‘Pot’ act’s language compared

Ex-director says it’s closer to N.M.

The former director of the New Mexico agency that oversees that state’s medical marijuana program said Thursday that the language of Arkansas’ medical marijuana initiative more closely mirrors the law in his state than in others frequently condemned by medical marijuana critics.

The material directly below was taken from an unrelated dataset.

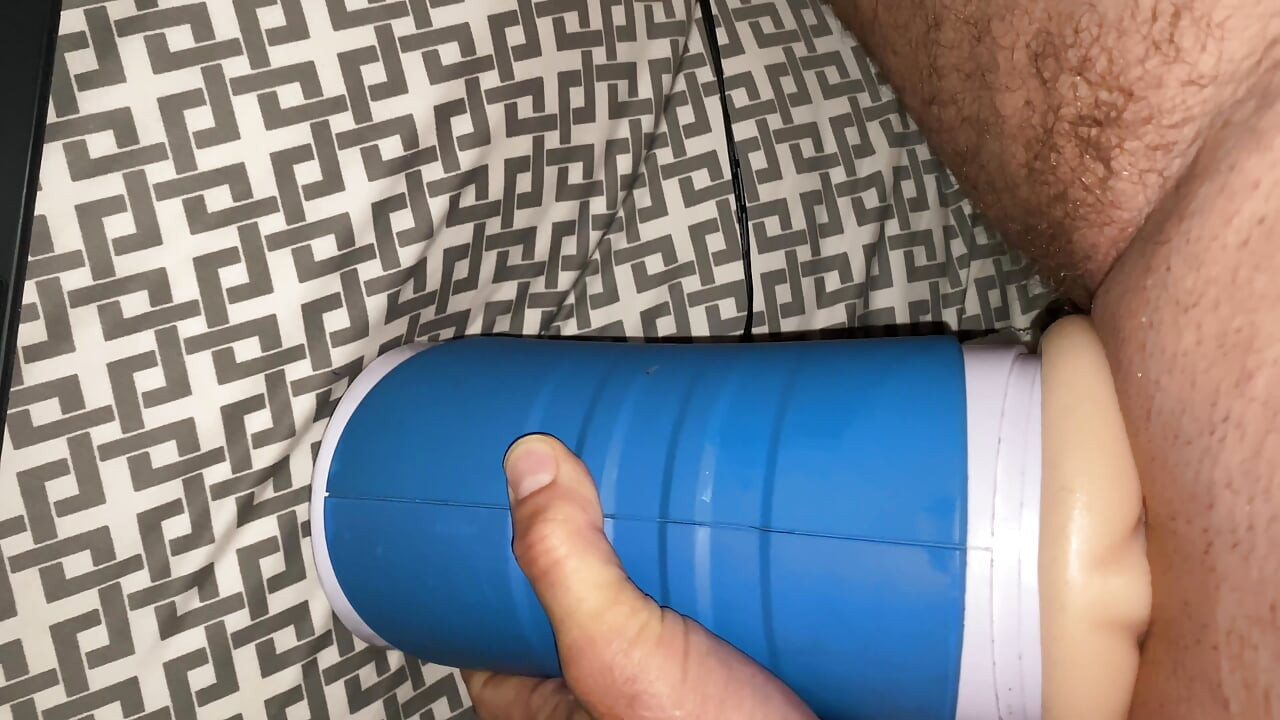 Orgasm with my autoblow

If the act is approved by voters on Tuesday, Arkansas would join 17 states and Washington, D.C. in legalizing the medical use of the drug, though it remains illegal under federal law to possess or sell marijuana for any reason. Some states, like California, have made it far too easy to obtain marijuana, and their medical marijuana laws have severely undermined law enforcement efforts to combat the illegal marijuana trade, the Arkansas Faith and Ethics Council has warned.

But Arkansas’ regulatory program won’t be like those states, predicts Dr. Steve Jenison, the New Mexico medical marijuana expert.

“It might be more analogous to look at the state of New Mexico than the states of Colorado and California, which I think have a very,very different legislative structure and infrastructure,” he said. “Your bill has a lot of structure. I think it’s very well drafted.”

The Arkansas Medical Marijuana Act is Issue No. 5 on the ballot. If approved, it would legalize some medical use of marijuana and require the state Department of Health to set up a system of nonprofit dispensaries to distribute up to 2.5 ounces of marijuana at a time to Arkansans with certain diseases or symptoms.

Also Thursday, Arkansans for Compassionate Care, the group supporting the measure, released the names of 79 doctors who support the measure at a news conference on the state Capitol steps.

On Oct. 24, about 20 doctors gathered in Little Rock to announce their opposition.

Dr. Clint Evans, who works in the Baptist Health emergency room, said Thursday that he is disappointed in the doctors who oppose the act.

“Patients get benefit from this, it’s very clear,” Evans said at the news conference. He said heconsistently sees patients who have chronic pain and can’t get relief from other medications.

Family Council Action Committee Executive Director Jerry Cox, who opposes the act, said he thinks the doctors who support the act will be the ones to certify that a patient has a qualifying condition.

“There’s a relatively small number who end up writing all the notes. ... So I’m not surprised that there are a small number of doctors who support it,” Cox said by phone after the news conference.

The committee has vocally opposed the measure, often comparing it to Colorado or California, where there have been problems with the number of businesses allowed to sell marijuana and the number of patients who use it.

“Proponents of Issue 5 have said repeatedly it is much stricter than Colorado’s law. Well, we have compared the two, and we are not sure that’s the case. In fact, Colorado’s marijuana laws may be more tightly written than Issue 5 in some significant ways,” the committee said in a news release issued Wednesday.

It points to Colorado’s requirement that a minor be diagnosed by two doctors before being eligible for a registration card. Arkansas’ proposal requires diagnosis from one doctor. And that Colorado gives police access to the patient registry, while Arkansas’ proposal requires police to get the information from the Health Department.

Jenison, the chairman of New Mexico’s Medical Cannabis Advisory Board said Arkansas’ proposal is comparable to New Mexico’s law.

“I was amazed ... by how similar the draft Arkansas legislation is to New Mexico’s. In fact, it is more complete insome ways than ours,” Jenison said after Thursday’s news conference. “As opposed to some of the very early medical cannabis programs that arose from citizen’s initiatives, where the parameters of the program were far less well defined, and so people were sort of implementing without a lot of structure.”

In a fiscal impact statement released Oct. 26, the Arkansas Health Department estimated it would cost between $3.29 million to $6.38 million to implement the Arkansas Medical Marijuana Act. The annual cost of staff and technology to oversee it would be between $2.7 million and $5.8 million.